Segment Start: DATASET RECORDS

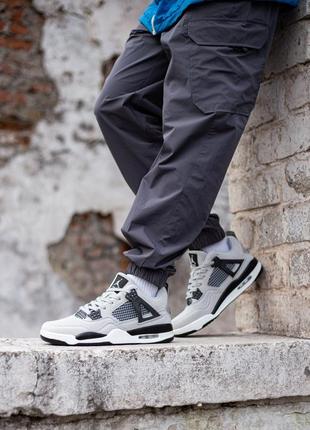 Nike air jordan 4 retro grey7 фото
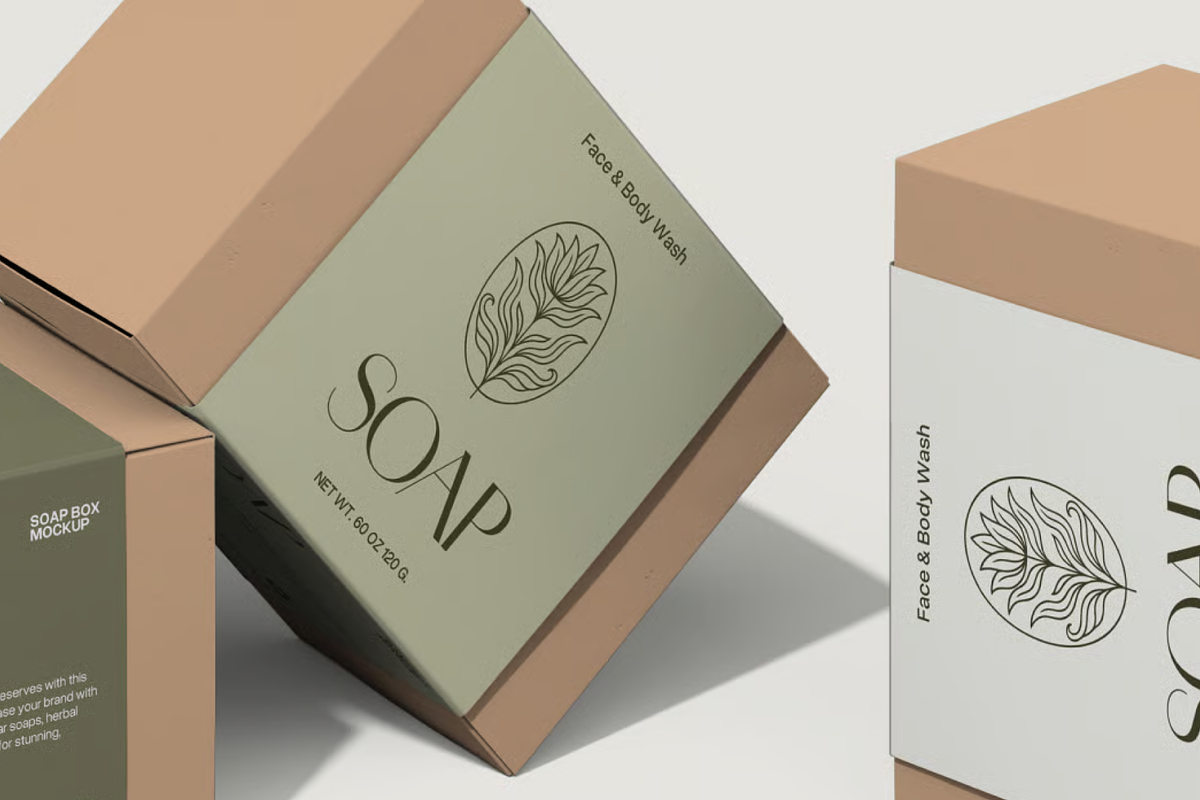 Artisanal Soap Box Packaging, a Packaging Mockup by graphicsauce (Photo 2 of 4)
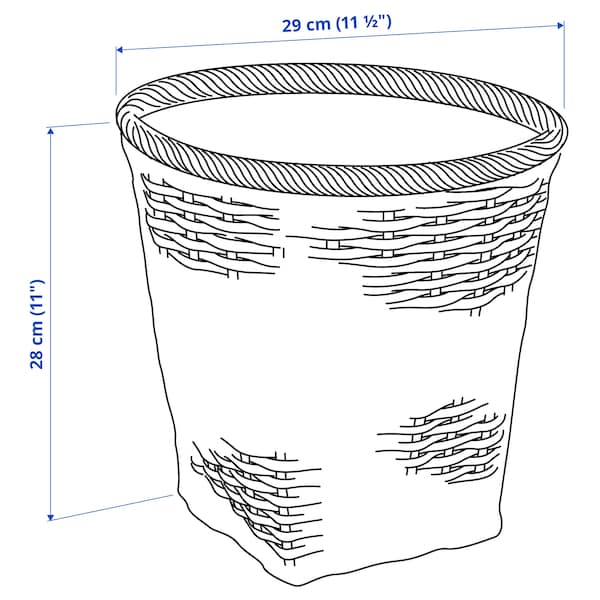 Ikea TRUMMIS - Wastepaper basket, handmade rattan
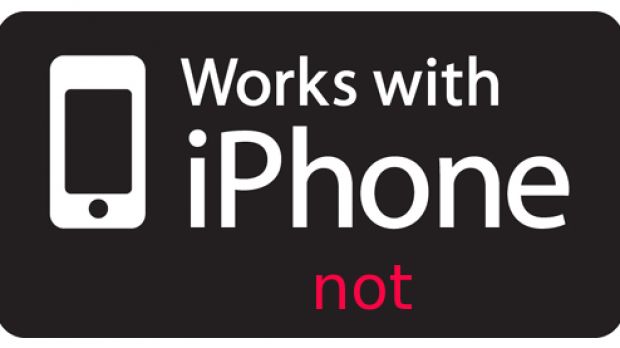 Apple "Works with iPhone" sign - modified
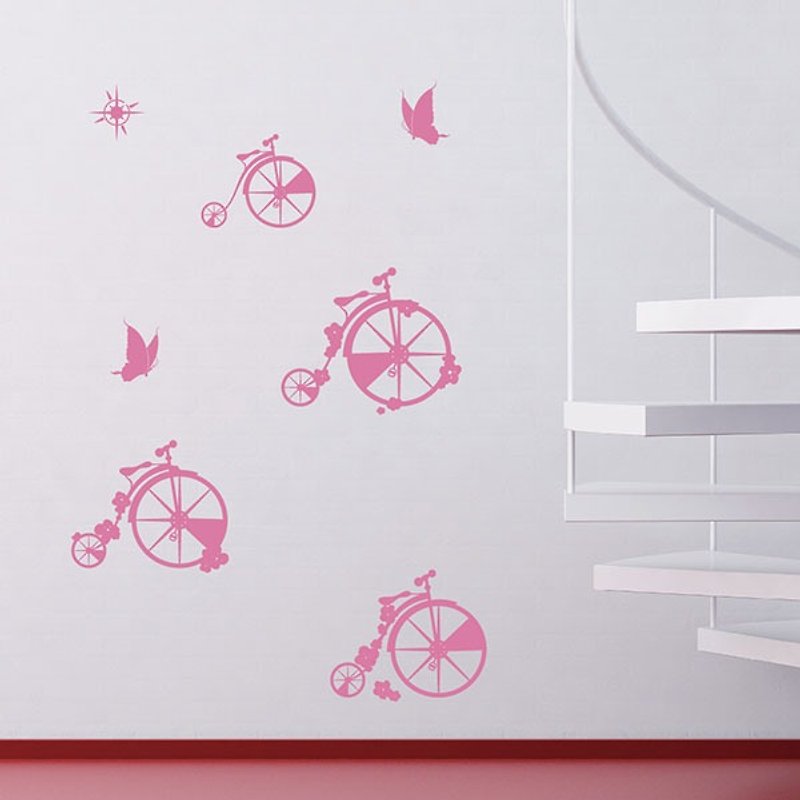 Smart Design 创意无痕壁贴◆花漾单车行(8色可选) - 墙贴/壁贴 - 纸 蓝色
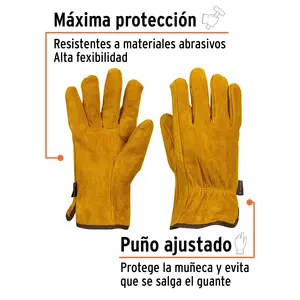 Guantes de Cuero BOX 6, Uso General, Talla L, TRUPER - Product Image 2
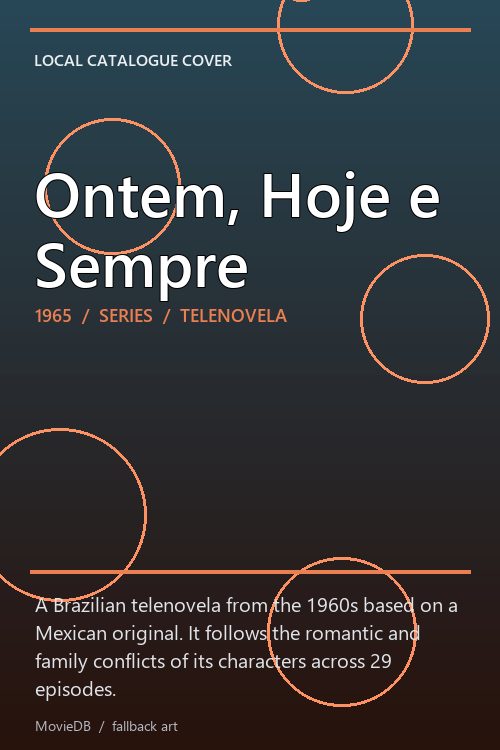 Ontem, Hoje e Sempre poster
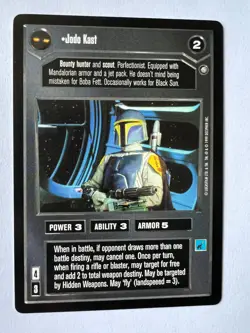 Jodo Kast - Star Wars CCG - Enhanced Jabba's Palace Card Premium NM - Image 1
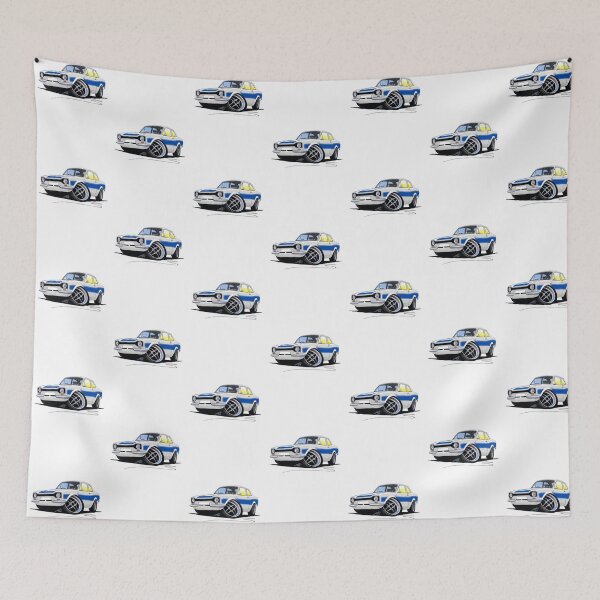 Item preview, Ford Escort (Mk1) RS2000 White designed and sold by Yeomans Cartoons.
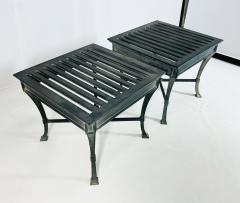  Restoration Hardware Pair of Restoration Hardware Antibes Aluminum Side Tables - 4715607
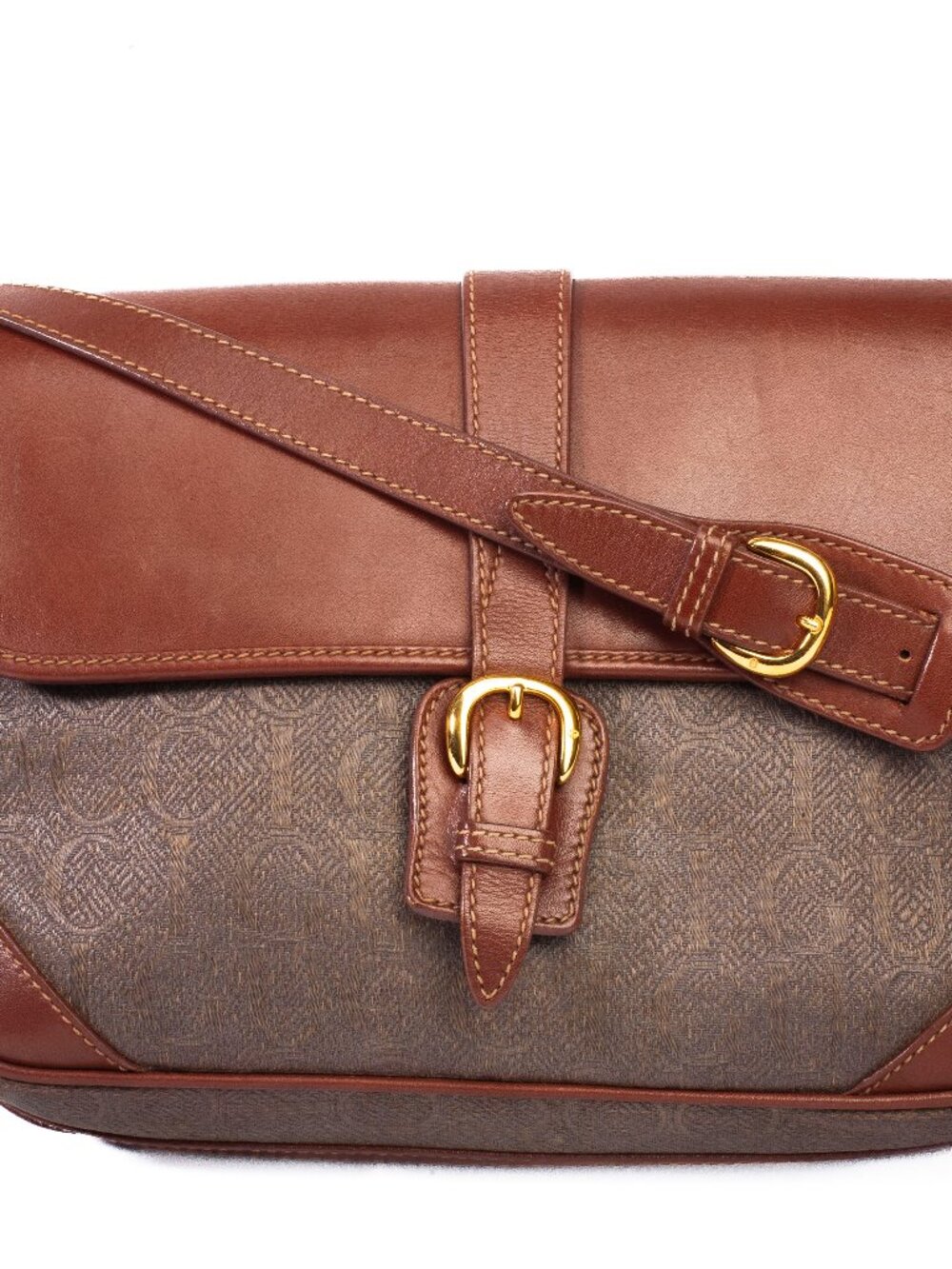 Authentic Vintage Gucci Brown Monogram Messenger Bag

Segment End: DATASET RECORDS

# EXERCISE OBJECTIVE
Everything from the line containing "sign - modified" through the final line of the material must be set down exactly, except the pictures.

# TASK ANSWER
 Apple "Works with iPhone" sign - modified
 Smart Design 创意无痕壁贴◆花漾单车行(8色可选) - 墙贴/壁贴 - 纸 蓝色
 Guantes de Cuero BOX 6, Uso General, Talla L, TRUPER - Product Image 2
 Ontem, Hoje e Sempre poster
 Jodo Kast - Star Wars CCG - Enhanced Jabba's Palace Card Premium NM - Image 1
 Item preview, Ford Escort (Mk1) RS2000 White designed and sold by Yeomans Cartoons.
  Restoration Hardware Pair of Restoration Hardware Antibes Aluminum Side Tables - 4715607
 Authentic Vintage Gucci Brown Monogram Messenger Bag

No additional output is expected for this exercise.